Bagi saya, ngejot adalah bentuk dan perayaan keberagaman di Bali. Itu sebabnya cetakan tahun ini yang hampir sama terasa lebih istimewa. Kita yang bertetangga dan berbeda agama bisa saling mengirimkan jotan untuk merayakan dua hari raya yang berbeda.
Selain mendorong, berbagai praktik yang menunjukkan akulturasi antara Islam dan Bali juga masih dilakukan di pulau ini.
Di beberapa desa di Bali, seperti Saren Jawa di Karangasem dan Pagayaman di Buleleng, nama Bali dipadukan dengan nama Islam. Maka tak heran jika warga di kedua desa ini memiliki nama seperti I Nengah Abdullah, Nyoman Siti Aisyah, dan sejenisnya.
Tradisi lainnya adalah Nampah yang dilakukan masyarakat Bali menjelang Idul Fitri, khususnya saat Galungan. Pada Penampahan Galungan, sehari sebelum Hari Raya, umat Hindu di Bali melakukan tradisi nampaha, atau menyembelih babi.
Umat Islam di Pegayaman dan Saren Jawaban juga melakukan hal yang sama. Mereka melakukan Penampahan Idul Fitri. Tentu yang disembelih bukan daging babi, melainkan kambing atau sapi. Dagingnya kemudian dibagikan ke tetangga untuk menjadi menu utama saat perayaan Idul Fitri.
Saya sudah beberapa kali mengunjungi dan melaporkan komunitas desa Muslim di Bali, dan pernyataan yang sama selalu saya dapatkan dari warga desa, “Kami orang Bali padahal kami Muslim.”
Ada semacam klaim dari mereka bahwa Bali juga memiliki warna yang berbeda-beda termasuk agama. Meski beragama Islam, mereka tetap menjalankan beberapa tradisi Bali. Keduanya bisa saling melengkapi.
Bom yang mengganggu keharmonisan
Jika dilihat dari sejarahnya, Bali sejak awal sudah terbuka terhadap agama lain, termasuk Islam. Komunitas Islam lama di Bali, seperti Pegayaman di Buleleng, Loloan di Jembrana, Saren Jawa di Karangasem, atau Pemogan dan Serang di Denpasar, umumnya berdamai.
Tidak ada perang atau misi khusus untuk membawa Islam ke Bali. Misalnya nenek moyang masyarakat Bugis-Muslim di Serangan adalah para pelaut yang tersesat.
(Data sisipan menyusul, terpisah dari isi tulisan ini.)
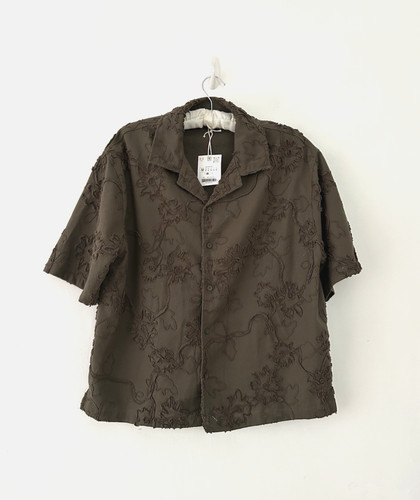 Zara top camicia donna - camicia, lino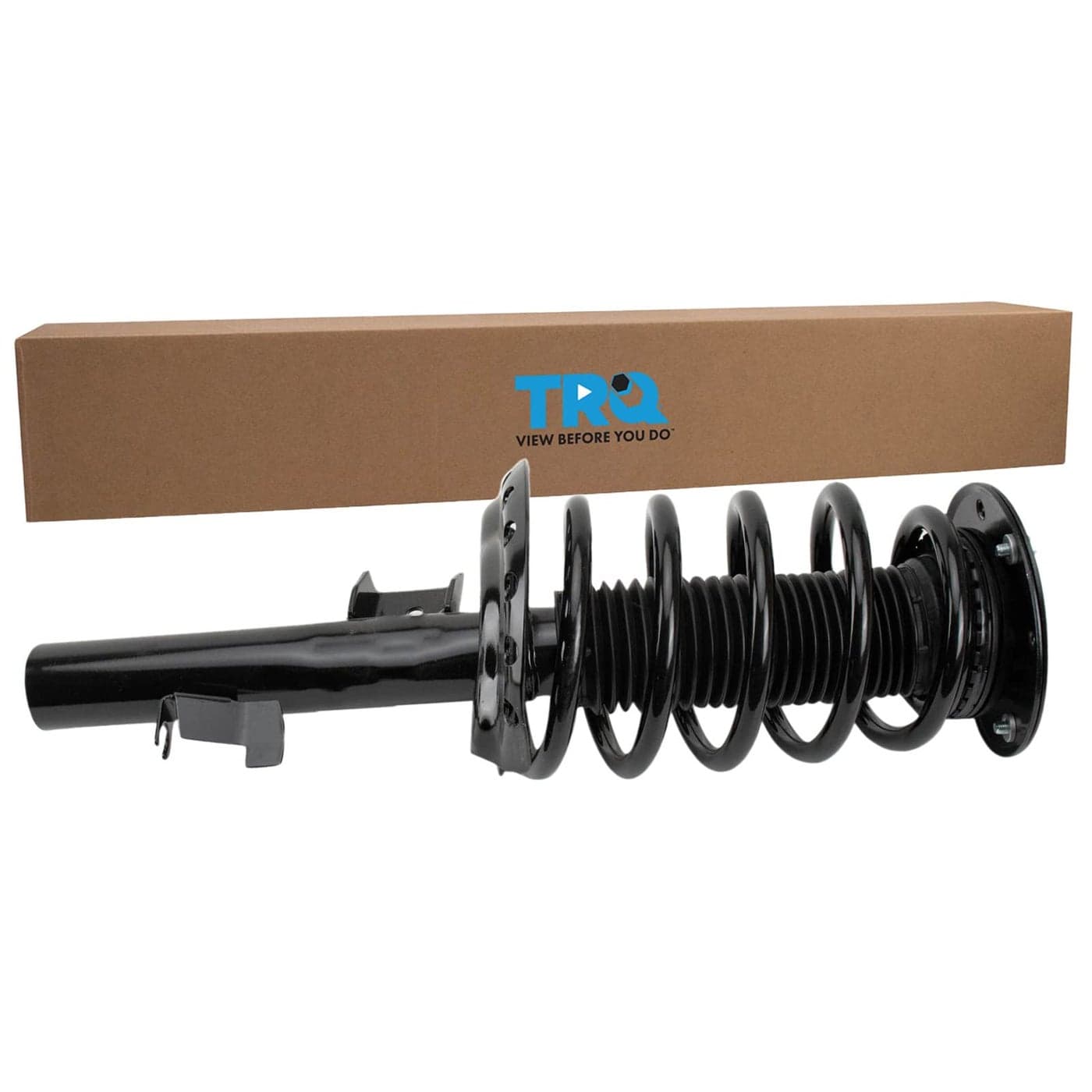 TRQ Front Left Complete Strut Coil Spring Assembly Drivers Side Compatible with 20102016 Volvo XC60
Menurut tokoh Penyerang Haji Mansur, para pelaut Bugis terdampar di bagian selatan Pulau Bali yang saat itu dikuasai Kerajaan Badung. Para pelaut tersebut diberi tempat khusus yang kini dinamakan Pulau Serangan. Mereka melahirkan anak-anak yang berkembang menjadi masyarakat Bugis di pulau ini.
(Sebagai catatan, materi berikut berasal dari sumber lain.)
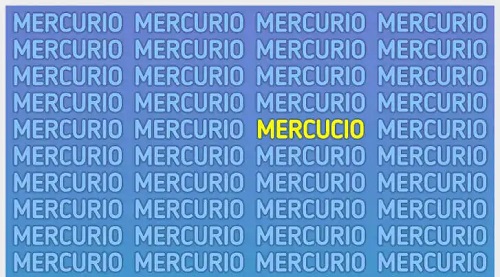 Schimbarea termenului mercurio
Oleh karena itu, umat Islam di Pulau Serangan, Bali, memiliki ikatan khusus dengan Puri Badung di Denpasar hingga saat ini. Hal serupa juga terjadi pada komunitas Muslim di Kepaon, Denpasar. Setiap hari raya misalnya, mereka bersilaturahmi atau mengundang raja salah satu kerajaan ke Bali.
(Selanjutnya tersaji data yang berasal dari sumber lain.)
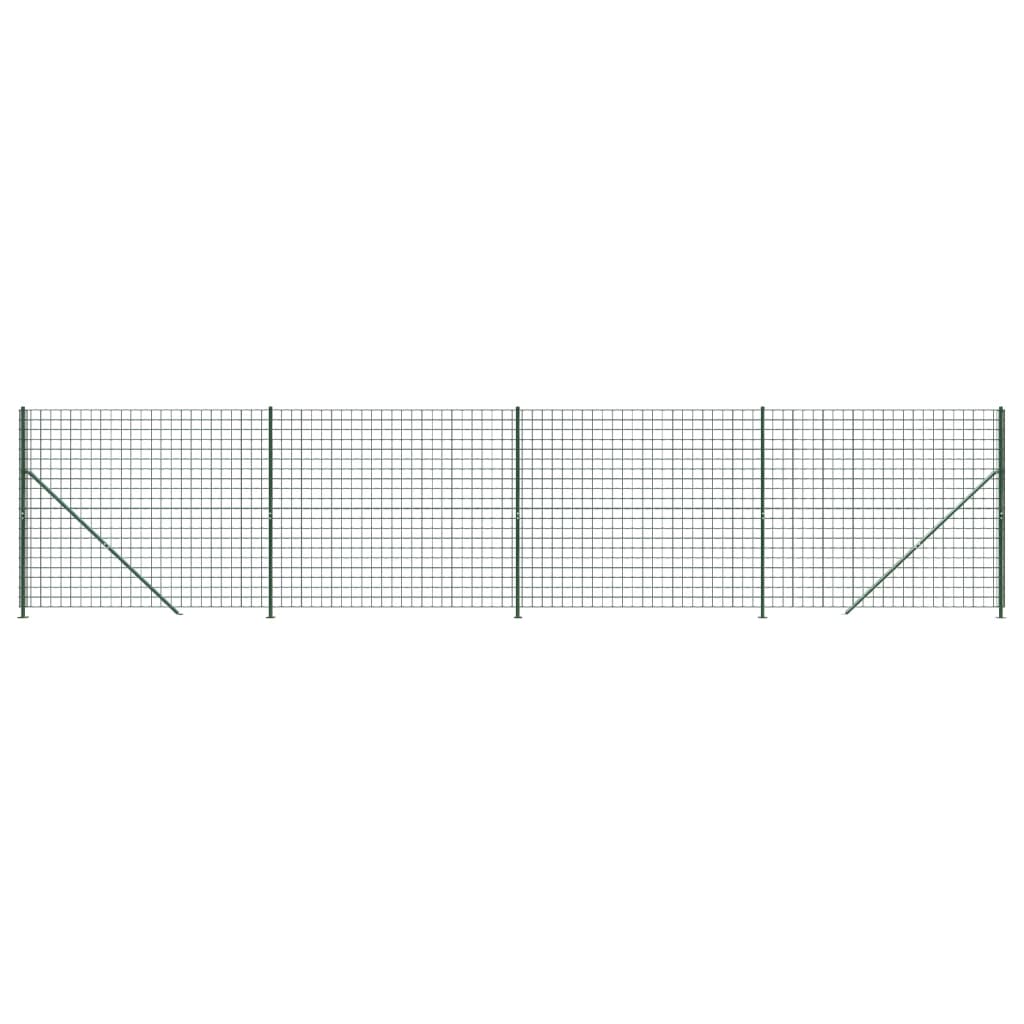 Maschendrahtzaun mit Bodenflansch Grün 2,2x10 m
Namun toleransi tersebut tidak selalu mulus. Terkadang naik dan turun. Salah satu peristiwa besar yang mengganggu keharmonisan hubungan Islam dan Bali adalah dua ledakan bom di Bali pada Oktober 2002 dan 2005. Apalagi teroris seperti Amrozi dan Imam Samudra membawa nama Islam dalam aksinya.
Ketegangan muncul akibat aksi para teroris. Misalnya, muncul rumor akan terjadi penyerangan terhadap masjid atau musala. Namun sejauh yang saya tahu, persoalan hanyalah persoalan. Hingga saat ini umat Islam di Bali masih hidup damai berdampingan dengan umat Hindu Bali.
Momentum seperti Galungan dan Idul Fitri yang terjadi berdekatan pada tahun ini diharapkan dapat memperkuat toleransi tersebut. Selamat Hari Raya Galungan dan Kuningan serta Idul Fitri 1436 H. Selamat merayakan kemenangan dalam kebersamaan dan keindahan.